Ukrainian Football Amateur League
- Season: 2014
- Dates: 30 April – 17 October 2014
- Champions: Rukh Vynnyky (1st title)AF-Pyatykhatska Volodymyrivka (losing finalist)
- Promoted: none
- Relegated: 11 teams (withdrawn)
- UEFA Regions' Cup: AF-Pyatykhatska Volodymyrivka

= 2014 Ukrainian Football Amateur League =

The 2014 Ukrainian Football Amateur League season was played from 30 April to 17 October 2014.

==Teams==
=== Returning/reformed clubs ===
- Yednist Plysky (returning, last played season in 2004)
- Podillya Khmelnytskyi (returning, last played season in 2007)
- Myr Hornostayivka (returning, last played season in 2011)
- Lehion Zhytomyr (returning, last played season in 2012)

=== Debut ===
List of teams that are debuting this season in the league.

- Balkany Zorya
- Mayak Sarny

- Elektrovazhmash Kharkiv
- Varvarivka Mykolaiv

- AF Piatykhatska Volodymyrivka
- VPK-Ahro Shevchenkivka

- Kolos Kovalivka

===Withdrawn===
List of clubs that took part in last year's competition but chose not to participate in the 2014 season.
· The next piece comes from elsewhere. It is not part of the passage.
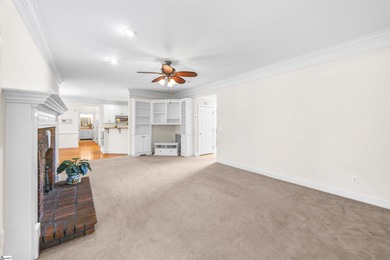 Welcome to this beautiful all-brick home, perfectly located in on Willow Creek Golf Club in South Carolina - for sale on GolfHomes.com, golf home, golf lot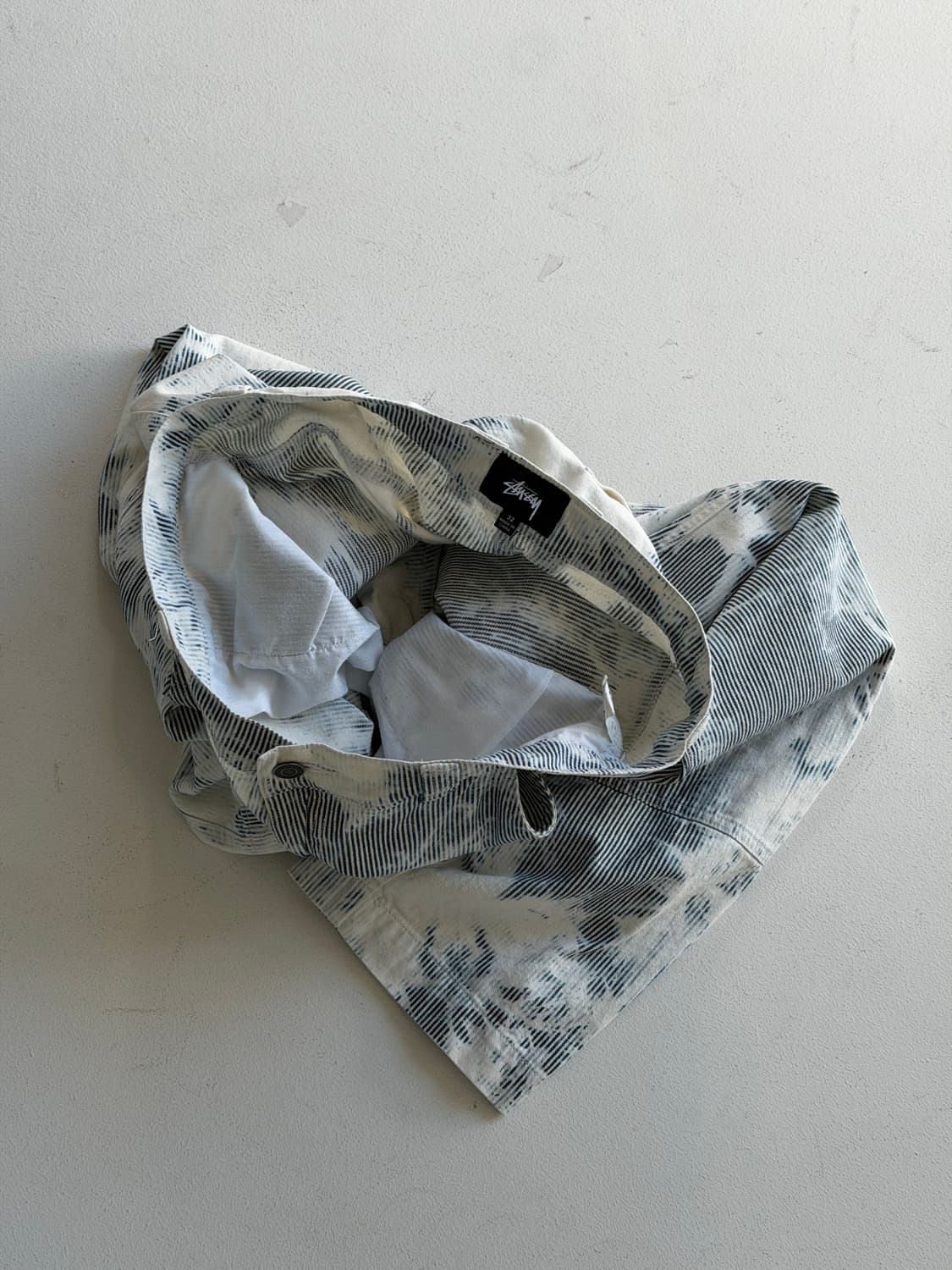 Stussy Hickory Stripe Work Pant 상품이미지7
- Avanhard Novohrad-Volynskyi
- YSB Chernihiv
- Lokomotyv Kupiansk

- Barsa Sumy
- Hvardiyets Hvardiyske
- Nove Zhyttya Andriivka

- Bastion Illichivsk
- Kolos Khlibodarivka
- ITV Simferopol

- Bukovyna-2-LS Chernivtsi
- LKT Slavutych
- Zbruch Volochysk

List of clubs that withdrew during the season or right after it:
- USC-Rubin Donetsk

==First stage==
===Group 1===

| Pos | Team | Pld | W | D | L | GF | GA | GD | Pts | Qualification |
| 1 | Rukh Vynnyky | 8 | 5 | 1 | 2 | 17 | 8 | +9 | 16 | Second Stage |
| 2 | ODEK Orzhiv | 8 | 4 | 2 | 2 | 13 | 9 | +4 | 14 |
| 3 | Vinnytsia | 8 | 4 | 2 | 2 | 10 | 6 | +4 | 14 |  |
| 4 | Mayak Sarny | 8 | 2 | 3 | 3 | 8 | 11 | −3 | 9 |
| 5 | Podillya Khmelnytskyi | 8 | 0 | 2 | 6 | 4 | 18 | −14 | 2 |

===Group 2===

| Pos | Team | Pld | W | D | L | GF | GA | GD | Pts | Qualification |
| 1 | Zoria Biloziria | 10 | 8 | 2 | 0 | 14 | 4 | +10 | 26 | Second Stage |
| 2 | Kolos Kovalivka | 10 | 6 | 3 | 1 | 19 | 5 | +14 | 21 |
| 3 | Avanhard Koryukivka | 10 | 5 | 1 | 4 | 9 | 8 | +1 | 16 |  |
| 4 | Yednist Plysky | 10 | 2 | 2 | 6 | 7 | 16 | −9 | 8 |
| 5 | Retro Vatutine | 10 | 2 | 2 | 6 | 4 | 16 | −12 | 8 |
| 6 | Lehion Zhytomyr | 10 | 2 | 0 | 8 | 6 | 10 | −4 | 6 | withdrew |

===Group 3===

Notes:
- FC USK-Rubin Donetsk was included in the group, yet because of the war in Donbas it was forced to withdraw. The club played only one game tying it with AF-Pyatykhatska 3:3. All its results were annulled.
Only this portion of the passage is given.